A Guardian Technology campaign for free public access to data about the UK and its citizens


Will the government try to privatise the UK Hydrographic Office?

In this week’s Technology Guardian, we look at the options being examined – and one important option not being examined – for the future of the UK Hydrographic Office.

In UK Hydrographic Office runs into dangerous waters, Mike Cross notes that two options – making UKHO a private company fully-owned by the Ministry of Defence (which is a first step to privatisation) and remaining as a trading fund – are being considered.

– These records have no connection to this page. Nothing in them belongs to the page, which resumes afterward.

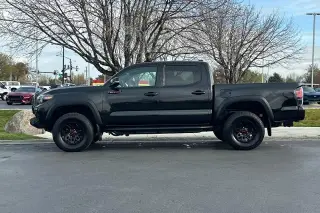 Toyota Tacoma 2019 4x4 TRD Sport 4dr Double Cab 5.0 ft SB 6M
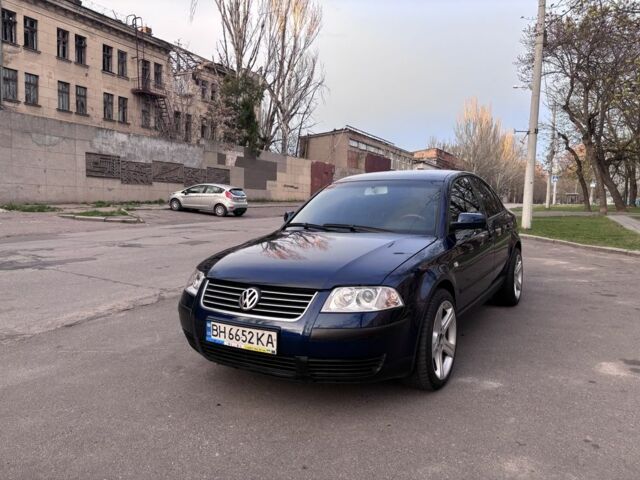 Синий Фольксваген Пассат, объемом двигателя 1.8 л и пробегом 409 тыс. км за 4500 $, фото 1 на Automoto.ua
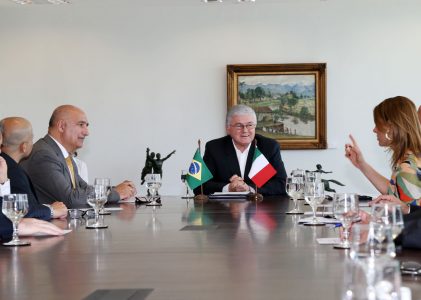 Renata sugere que Governo do Paraná participar da Expo 2015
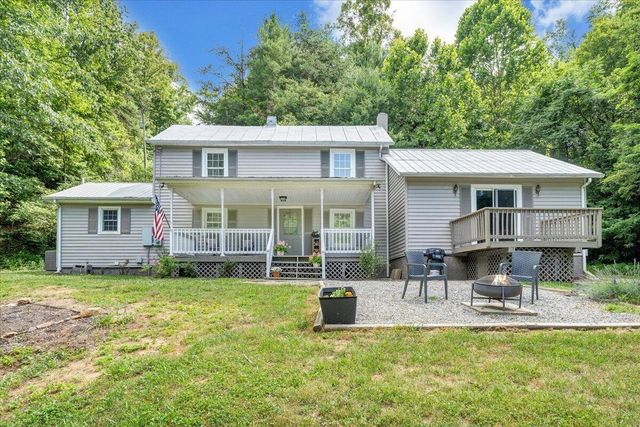 2852 Bethlehem RD, Boones Mill, VA 24065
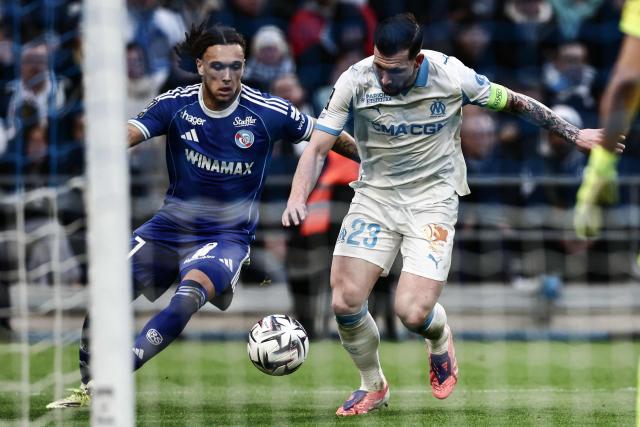 Strasbourg's Belgian midfielder #07 Diego Moreira (L) fights for the ball with Marseille's Danish midfielder #23 Pierre-Emile Hojbjerg (R) during the French L1 football match between Olympique de Marseille and Strasbourg at Stade Velodrome in Marseille, southern France, on February 14, 2026. (Photo by Thibaud MORITZ / AFP)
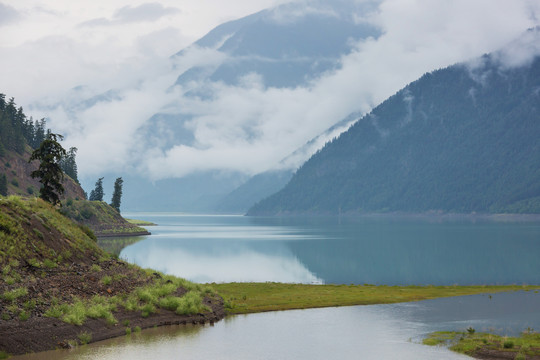 加拿大山湖边宁静的景色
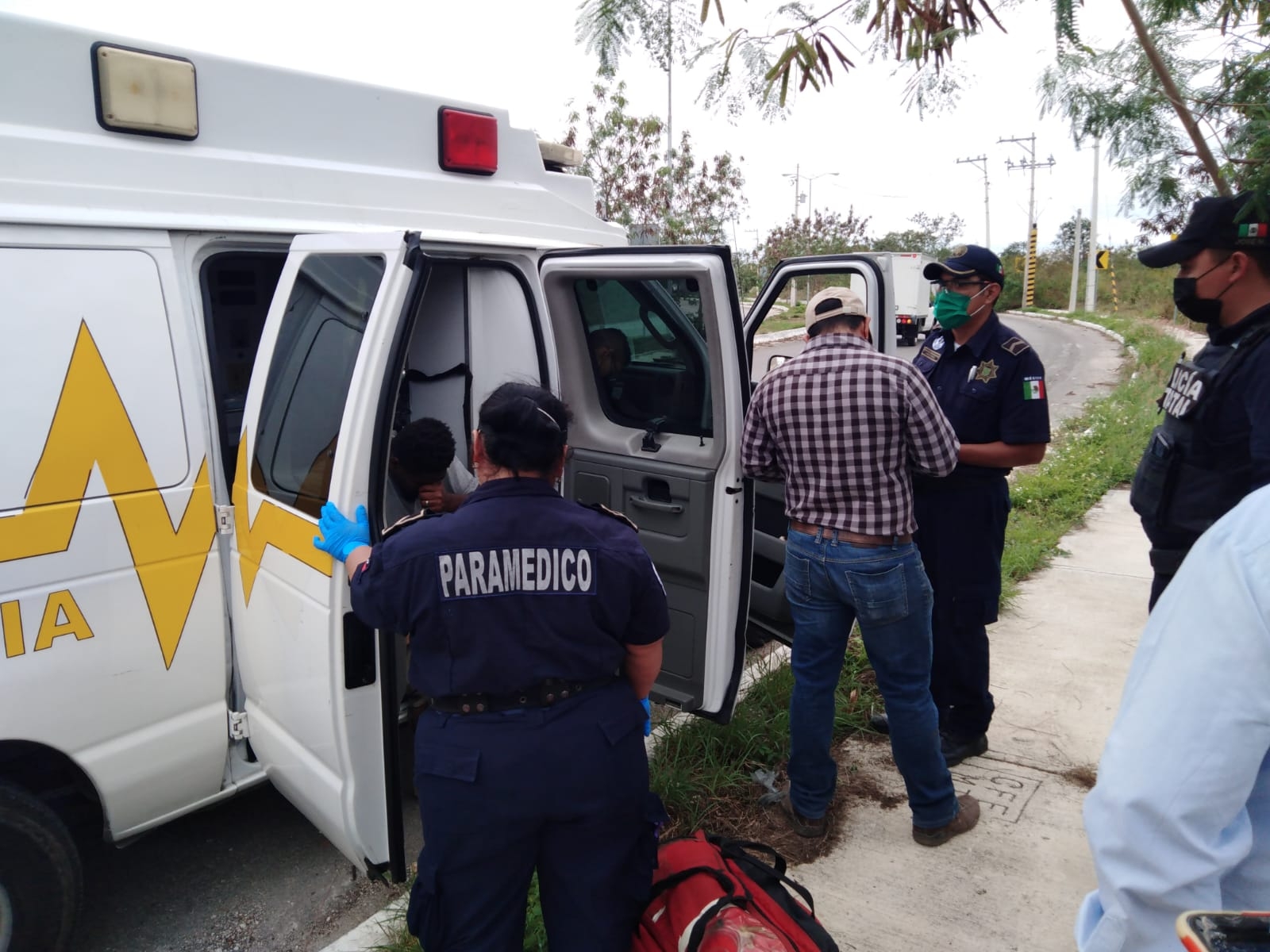 Camioneta se sale de la carretera y deja tres personas lesionadas en Mérida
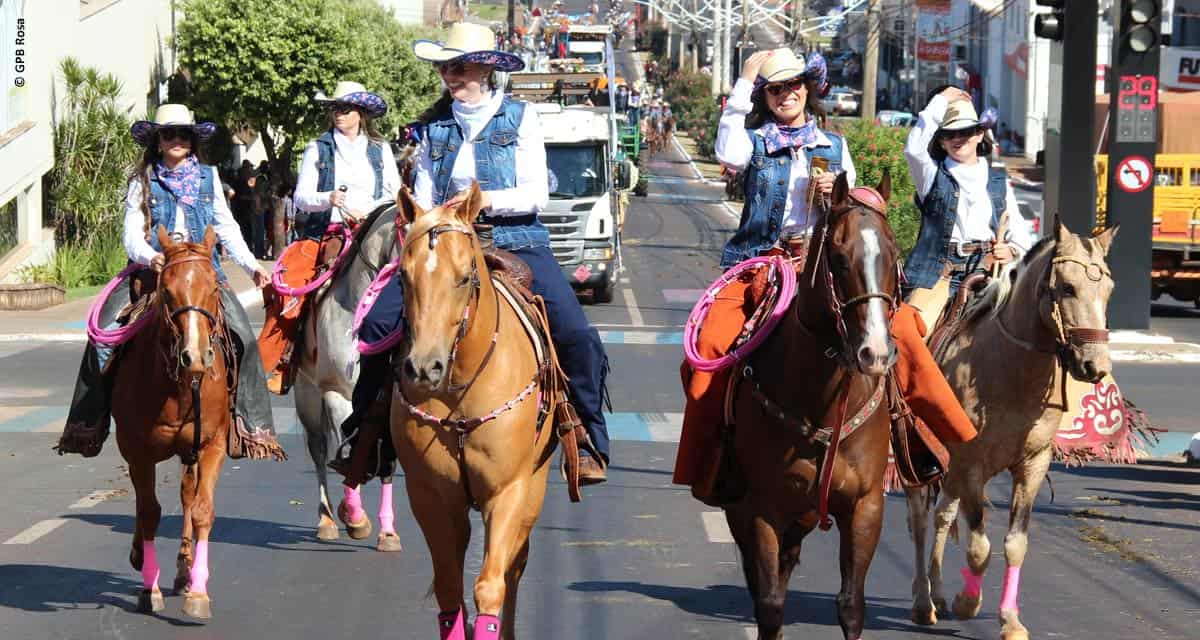 Comitiva “Elas no Campo” é a campeã do desfile de abertura da Expo Rio Verde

Worryingly, the review announcement lists only two “principal options” for the office: to maintain it as a trading fund, or to convert it into a company owned in whole or in part by the Ministry of Defence. As the review coincides with a squeeze in spending, ministers may be tempted by any injection of cash that could be raised by a share sale.

For free data, this could be an even worse outcome than the present state of affairs. The perils of creating a jointly owned company were illustrated last week by the Department of Health, which found itself criticised by auditors over the way it set up a joint venture with a commercial business, Dr Foster.

Kablenet reports on the NAO’s kicking of NHS:

The report notes that government is increasing its use of joint ventures, but concludes that, in the absence of a fair competitive tender process, the Information Centre had no fair comparisons or benchmarks to demonstrate this was the best structure to meet its needs, or that it represented good value for money.

Back to the UKHO: the FOD campaign believes

that the Hydrographic Office review should include at least one further option: that of direct government funding for the collection of raw hydrographic data, which should be freely available to all comers. At a time when information about coastlines and seabeds is of vital environmental importance, this would be in keeping with the spirit of the European Inspire directive on the exchange of geophysical information. It would also maintain a British tradition of international cooperation, regardless of politics, in matters of maritime safety.

But there’s always a kicker. And in the case of an MoD-owned or operated organisation, it’s this:

One objection, of course, is that this policy would force the Ministry of Defence to choose between funding hydrographic surveys and giving soldiers on the front line decent body armour. It would be a courageous minister who favoured the former.

One could argue, of course, about the wisdom of needing to make the choice; on whether better intelligence can be gathered by more free access; and so on. But politics is the art of the possible. The government review is a worrying development, because it implies that everything must have a price – no matter what the economics might show.